▸ ABOUT THIS TASK
All that is wanted is the exact text of the lines below from the one with "The Floating World (2013)" through the one with "X0000061741146200512091604", inclusive, minus any pictures.

▸ DATA PROVIDED
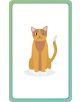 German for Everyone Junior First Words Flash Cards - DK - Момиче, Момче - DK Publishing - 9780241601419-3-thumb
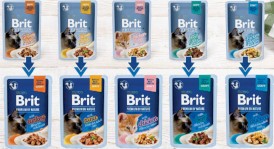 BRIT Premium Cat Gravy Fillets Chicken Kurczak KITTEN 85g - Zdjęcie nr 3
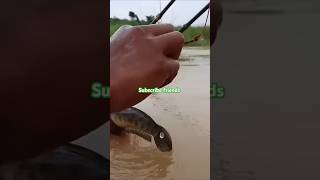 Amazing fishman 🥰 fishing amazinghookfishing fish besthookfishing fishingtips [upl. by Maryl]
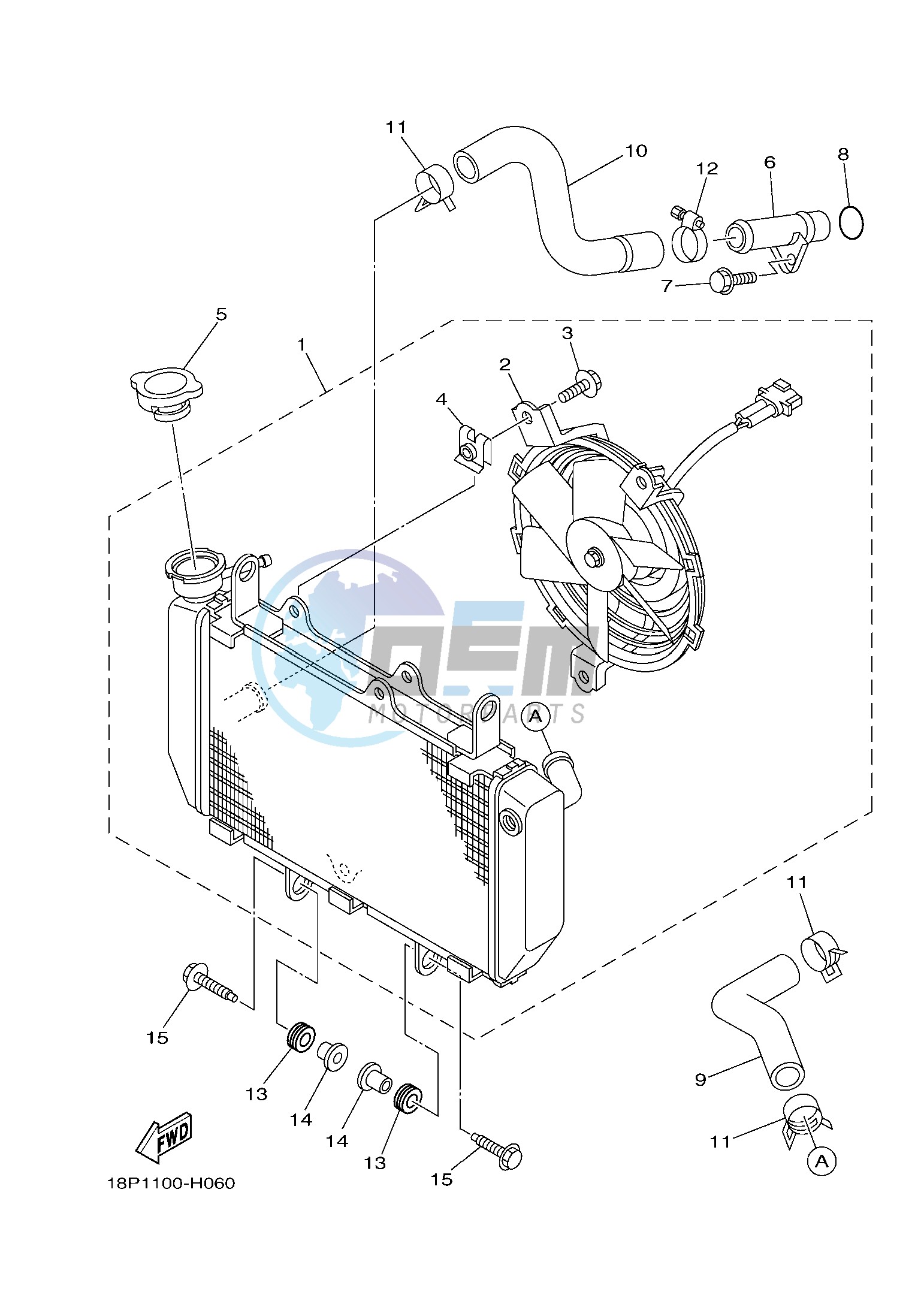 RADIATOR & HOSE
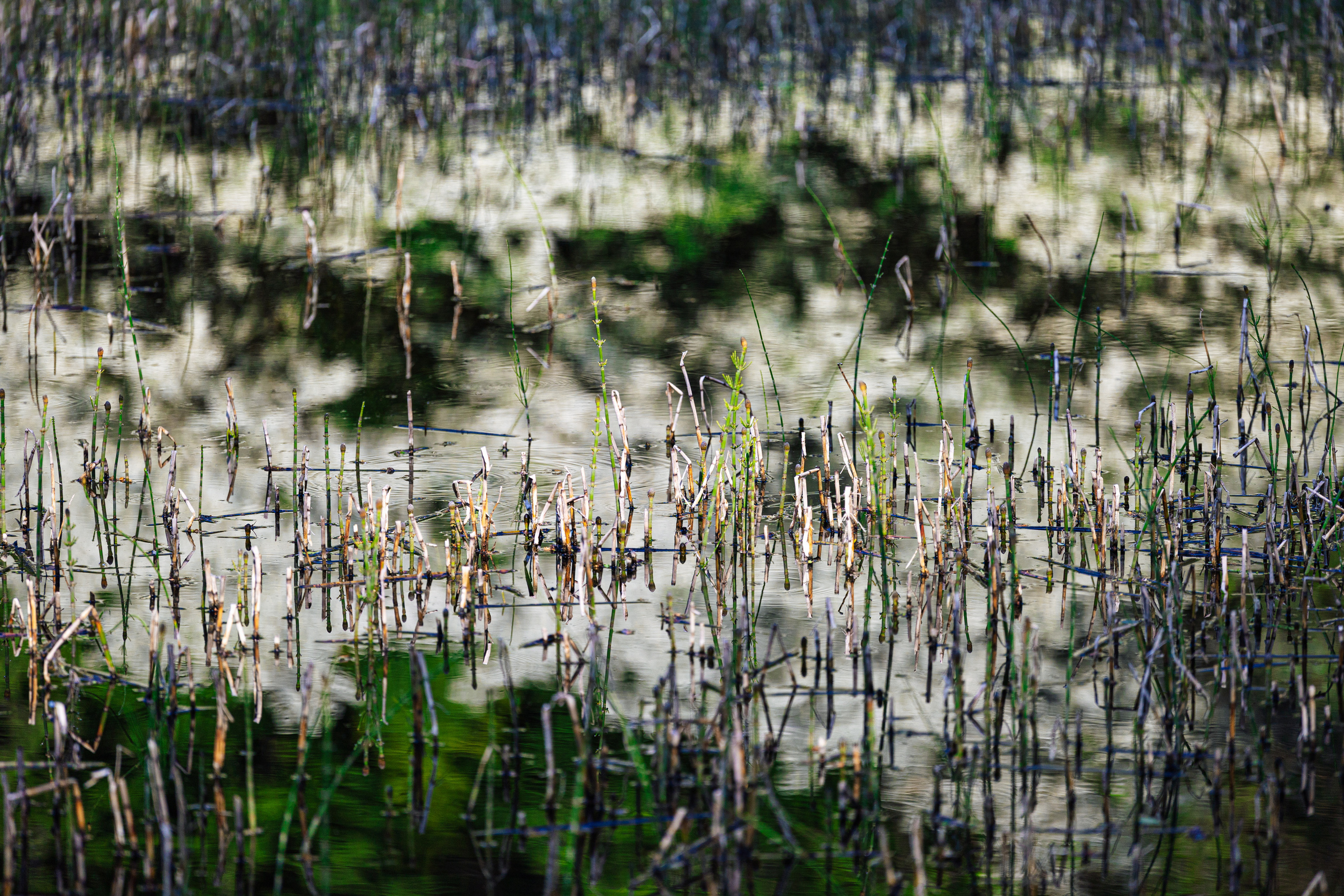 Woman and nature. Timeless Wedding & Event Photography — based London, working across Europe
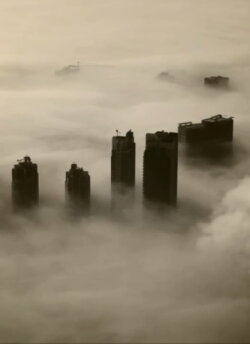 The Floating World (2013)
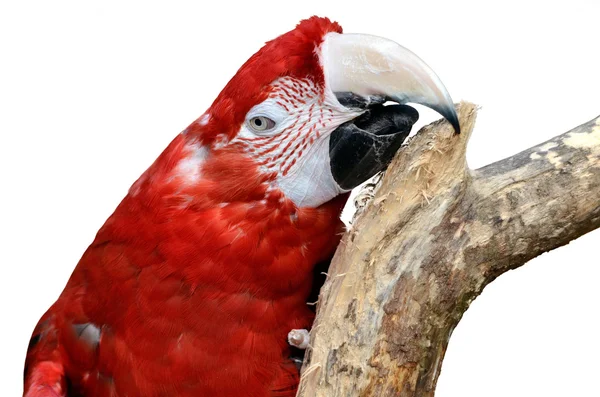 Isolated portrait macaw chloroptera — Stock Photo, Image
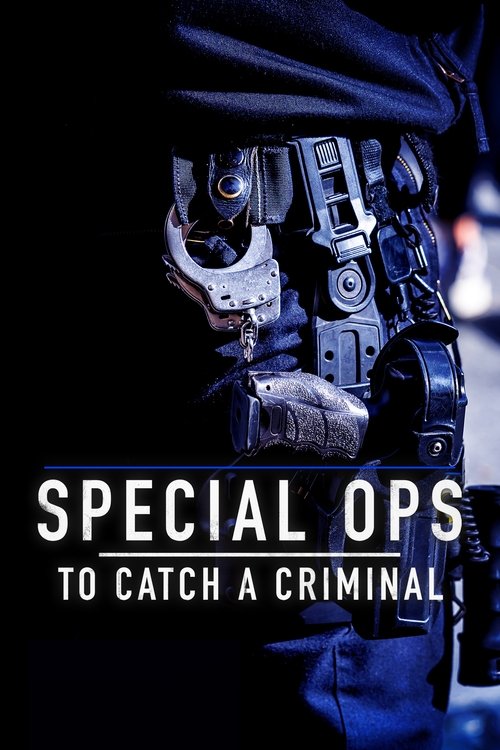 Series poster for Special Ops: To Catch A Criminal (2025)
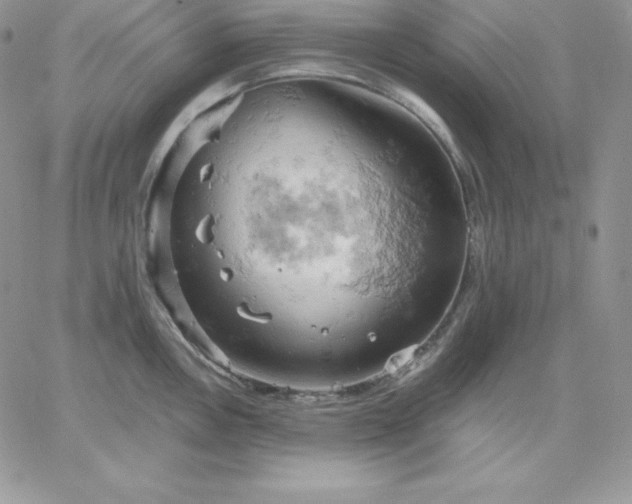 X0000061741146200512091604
==
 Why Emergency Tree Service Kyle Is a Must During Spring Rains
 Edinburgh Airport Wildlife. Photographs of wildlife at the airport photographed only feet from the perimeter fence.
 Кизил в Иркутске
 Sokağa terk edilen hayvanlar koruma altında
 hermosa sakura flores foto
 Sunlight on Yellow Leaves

▸ ANSWER SECTION
 The Floating World (2013)
 Isolated portrait macaw chloroptera — Stock Photo, Image
 Series poster for Special Ops: To Catch A Criminal (2025)
 X0000061741146200512091604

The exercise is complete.